MOVIE REVIEW
“Tracks”
Grade: A
Starring Mia Wasikowska, Adam Driver and Rainer Bock. Directed by John Curran.
Rated PG-13 for thematic elements, some partial nudity, disturbing images and brief strong language. Check listings for theaters. 1 hour, 42 minutes.
Bottom line: Beautiful, brutal and the camels will steal your heart
The desert trek in “Tracks” is as brutal as it is beautiful; the performance by Mia Wasikowska as raw as the reality. And the camels? If they don’t steal your heart, it must be stone-hinged.
Director John Curran, whose visual imprint is always artfully drawn in films such as “The Painted Veil,” has somehow eclipsed himself in “Tracks.”
Perhaps he was moved by the solitude of Robyn Davidson’s epic walk, crossing more than 1,700 miles of Australia’s outback in 1977 to make her way to Uluru on the Indian Ocean. Marion Nelson, in her screenwriting debut, adopts a minimalist’s approach in translating Davidson’s story.

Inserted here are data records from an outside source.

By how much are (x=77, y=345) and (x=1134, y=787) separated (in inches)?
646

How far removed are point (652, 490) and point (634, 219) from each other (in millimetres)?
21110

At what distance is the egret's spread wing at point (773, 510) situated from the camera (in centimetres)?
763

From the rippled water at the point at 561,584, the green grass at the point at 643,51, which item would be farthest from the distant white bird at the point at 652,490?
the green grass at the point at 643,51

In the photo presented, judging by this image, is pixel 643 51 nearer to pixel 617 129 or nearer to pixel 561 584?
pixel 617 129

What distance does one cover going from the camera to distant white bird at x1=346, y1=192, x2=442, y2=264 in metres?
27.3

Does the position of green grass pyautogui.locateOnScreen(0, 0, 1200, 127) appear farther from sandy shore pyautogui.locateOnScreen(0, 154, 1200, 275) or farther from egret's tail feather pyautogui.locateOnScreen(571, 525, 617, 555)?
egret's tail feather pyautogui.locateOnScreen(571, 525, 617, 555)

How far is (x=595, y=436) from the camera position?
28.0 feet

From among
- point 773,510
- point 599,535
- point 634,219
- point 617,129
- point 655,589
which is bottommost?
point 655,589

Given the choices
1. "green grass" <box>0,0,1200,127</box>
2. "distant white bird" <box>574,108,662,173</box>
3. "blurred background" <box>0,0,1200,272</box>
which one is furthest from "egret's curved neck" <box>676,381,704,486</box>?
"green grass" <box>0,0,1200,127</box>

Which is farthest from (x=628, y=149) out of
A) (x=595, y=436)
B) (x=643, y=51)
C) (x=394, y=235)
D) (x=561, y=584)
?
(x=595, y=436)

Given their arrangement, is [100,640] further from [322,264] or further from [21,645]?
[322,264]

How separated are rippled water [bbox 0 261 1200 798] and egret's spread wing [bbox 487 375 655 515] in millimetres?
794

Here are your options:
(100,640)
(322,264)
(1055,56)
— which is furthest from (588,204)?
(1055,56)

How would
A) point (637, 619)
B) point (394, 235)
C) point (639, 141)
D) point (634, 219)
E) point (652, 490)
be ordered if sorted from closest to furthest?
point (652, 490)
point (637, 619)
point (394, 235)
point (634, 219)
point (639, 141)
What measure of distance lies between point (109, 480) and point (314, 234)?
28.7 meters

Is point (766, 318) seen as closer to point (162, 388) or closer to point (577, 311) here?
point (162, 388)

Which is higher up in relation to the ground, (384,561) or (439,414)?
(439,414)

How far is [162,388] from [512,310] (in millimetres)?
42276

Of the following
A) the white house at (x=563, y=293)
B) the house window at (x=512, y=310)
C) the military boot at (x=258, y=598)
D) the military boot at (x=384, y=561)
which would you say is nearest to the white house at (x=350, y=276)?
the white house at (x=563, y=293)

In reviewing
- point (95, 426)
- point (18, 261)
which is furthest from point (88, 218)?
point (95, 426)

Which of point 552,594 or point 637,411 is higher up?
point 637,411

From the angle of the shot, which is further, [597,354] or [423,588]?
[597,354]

No doubt Curran and cinematographer Mandy Walker were inspired by Rick Smolan, whose photos of the “Camel lady” and her journey became one of National Geographic magazine’s most popular issues. The film certainly reflects the haunting landscape in Smolan’s shots.
Davidson spent two years in the training and acquiring of the camels she knew she would need as pack animals to survive. Then an additional nine months in the walking. Hints at why come in flashbacks to her childhood — her father’s walkabouts, her mother’s suicide. But they feel like a distraction. As you watch the film unfold, the why quickly becomes less important than the how.
The film is also about a place and a time, and the crew has captured it well in costume and production design, desert dirt and sweat. Rural Australia, rugged, misogynistic in its repression of women and its treatment of the country’s native population of Aborigines, provides the story’s framework. Echoes of the feminist movement and the general youth rebellion of the 1970s are woven in.
As a sunburned Robyn begins to learn about camels from a ruthless taskmaster named Kurt (Rainer Bock), the rough world of those who live on the desert’s edge takes hold. Wasikowska makes those crawl-before-you-walk scenes as hopeless and as grueling as they must have been for Davidson. Perhaps the blisters and the peeling skin are nothing more than movie magic, but they certainly seem real.
Though Robyn’s dog Diggity (Special Agent Gibbs) is her constant companion, even a captivating canine can’t steal a scene from a camel. Of the four who made the trek with her — Bubs (Istan), Dookie (Morgan), Zelly (Mona) and her calf, baby Goliath (Mindie) — Dookie was the star of the book. Morgan takes on that role with aplomb in the film, doing the camel roar of displeasure so perfectly on cue you’d swear he studied the script.
But this is Wasikowska’s film from the opening frame, curled up against a train window on her way to Alice Springs, unsure and untested, to the moment she wades into the Indian Ocean nearly three years later, a desert filled with experiences behind her.